A close corporation is most appropriate for the individual starting a company alone or with a small number of people. There are a few differences between a general corporation and a close corporation. A close corporation limits stockholders to a 'maximum' of 30. In addition, many close corporation statutes require that the directors of a close corporation must first offer the shares to existing stockholders before selling to new stockholders. Not all of the states in the US recognize close corporations so you should check if you are eligible to open a close corporation in your locale.

Subchapter S Corporations.

A Subchapter S Corporation is a general corporation that has elected a special tax status with the IRS after the corporation has been formed. Subchapter S corporations are most appropriate for small business owners and entrepreneurs who prefer to be taxed as if they were still sole proprietors or partners. When a general corporation makes a profit, it pays a corporate income tax on the profit. If the company also declares a dividend, the stockholders must report the dividend as personal income and pay more taxes than what they would pay as individuals. S Corporations avoid this "double taxation" (once at the corporate level and again at the personal level) because all income or loss is reported only once on the personal tax returns of the stockholders. For many small businesses, the S Corporation offers the best of both worlds, combining the tax advantages of a sole proprietorship or partnership with the limited liability and enduring life of a corporate structure.

S Corporation Restrictions.

To elect S Corporation status, your corporation must meet specific guidelines as detailed below.

1) All stockholders must be citizens or permanent residents of the United States._
2) The maximum number of stockholders for an S Corporation is 75._
3) If an S Corporation is held by an "electing small business trust," then all beneficiaries of the trust must be individuals, estates or charitable organizations. Interests in the trust cannot be purchased._
4) S Corporations may only issue one class of stock._
5) No more than 25 percent of the gross corporate income may be derived from passive income._

Not all domestic general business corporations are eligible for S Corporation Status as such you should check with a lawyer to find out if your business is eligible to become an S corporation in your local state.
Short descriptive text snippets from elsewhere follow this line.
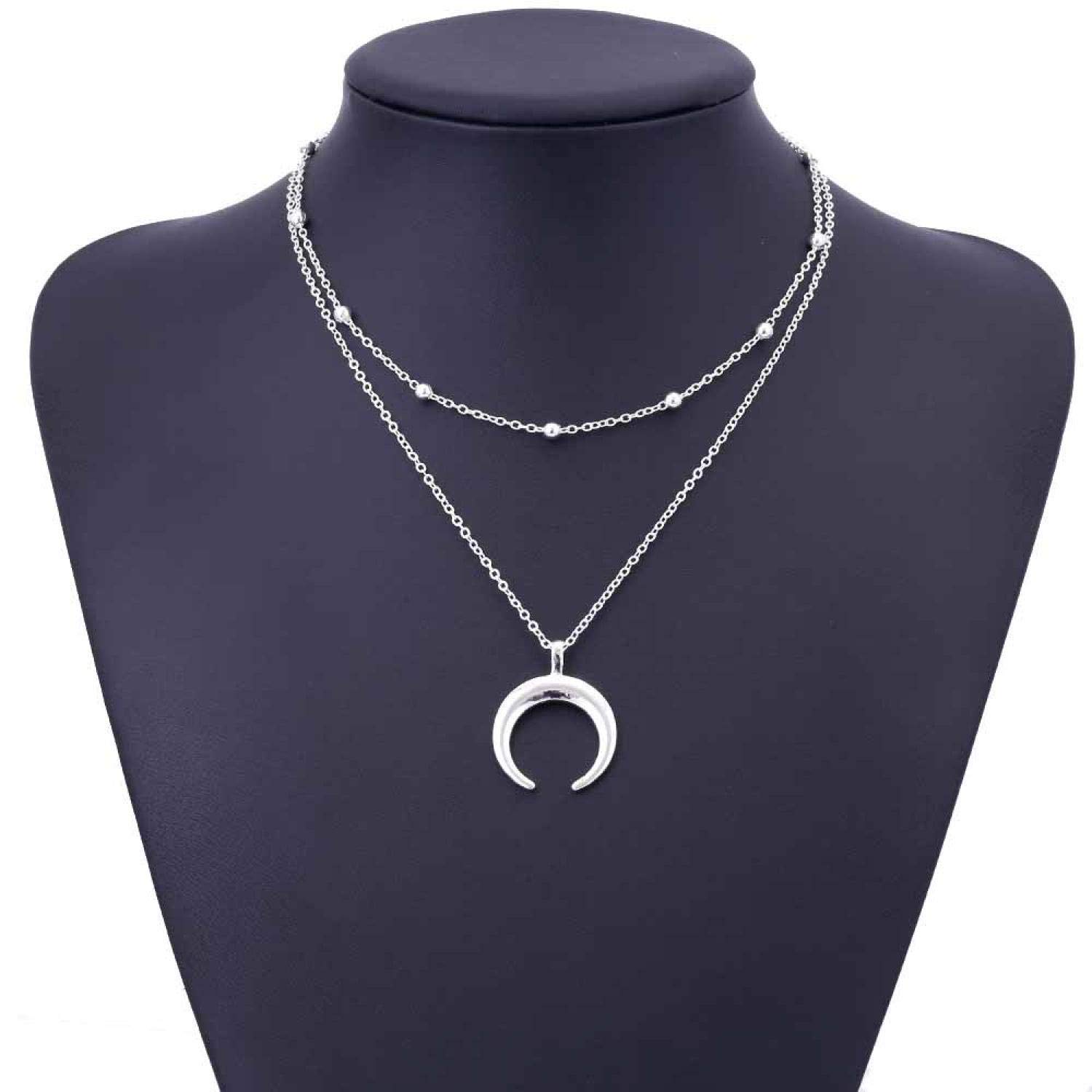 Violetaa Double Horn Necklace Crescent 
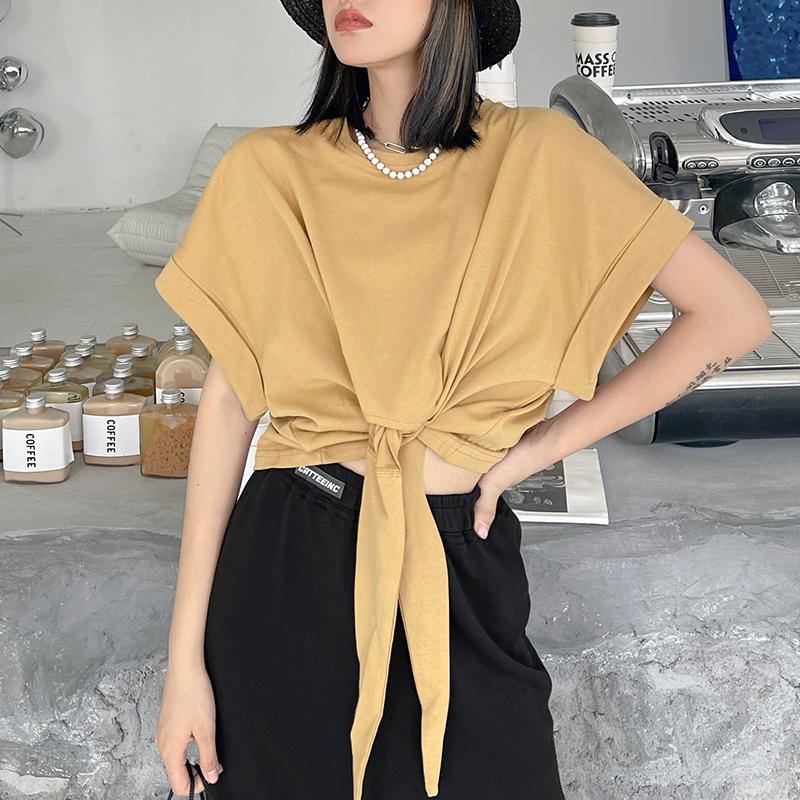Women Summer Short Sleeves Loose Short T Shirts-STYLEGOING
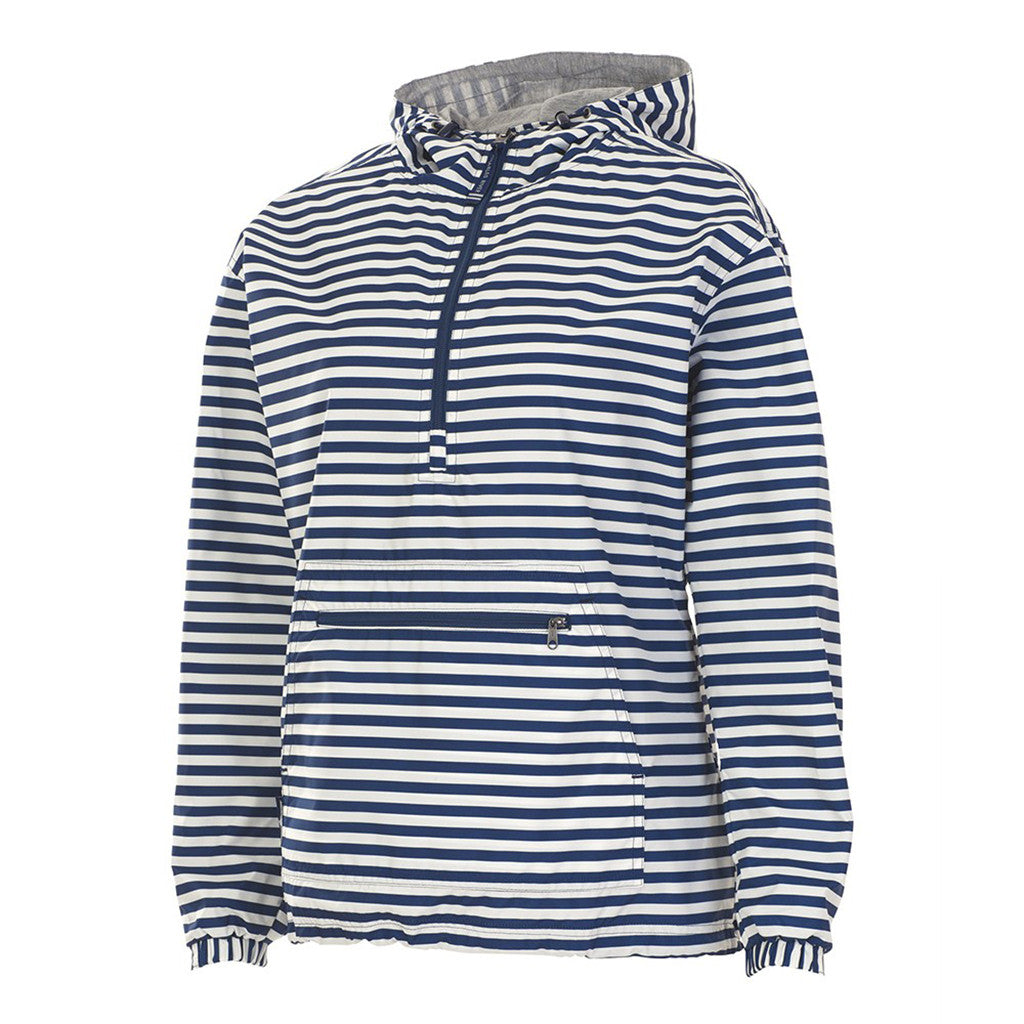 Charles River Women's Navy-White Stripe Chatham Anorak Print Pullover: Stylish Weather Protection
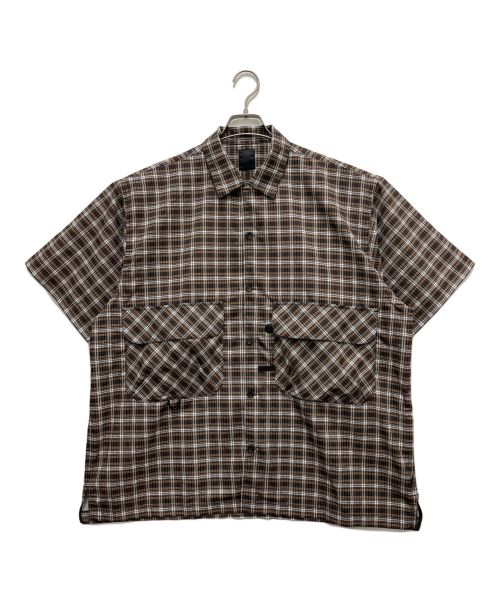 DAIWA PIER39（ダイワ ピア39）DAIWA PIER39 (ダイワ ピア39) Tech Regular Collar Shirts ブラウン×ホワイト サイズ:SIZE Lの古着・服飾アイテム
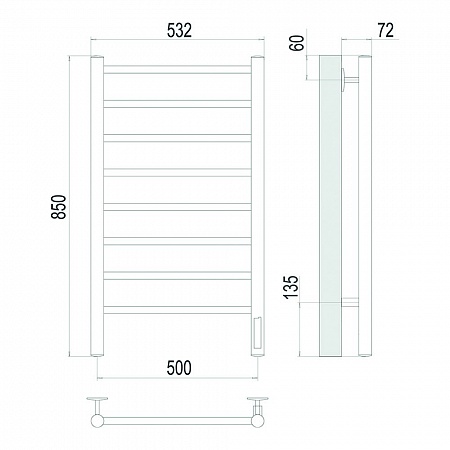 Аврора П8 500х850 Электро (quick touch) Полотенцесушитель TERMINUS Сатин Красноуфимск - фото 4 Аврора П8 500х850 Электро (quick touch) Полотенцесушитель TERMINUS Сатин Красноуфимск - фото 4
Limited Liability Company.

The LLC is not strictly a corporation, however it offers many of the same advantages. Many small business owners and entrepreneurs prefer LLC’s because they combine the limited liability protection of a corporation with the "pass through"" taxation of a sole proprietorship or partnership.

Corporations - An Overview.

For the most part, the information provided above will allow you to decide almost immediately of the type of business structure you want to setup however, as with many other things of this nature, you should always consult with a qualified lawyer or accountant when it comes to setting up your businesses.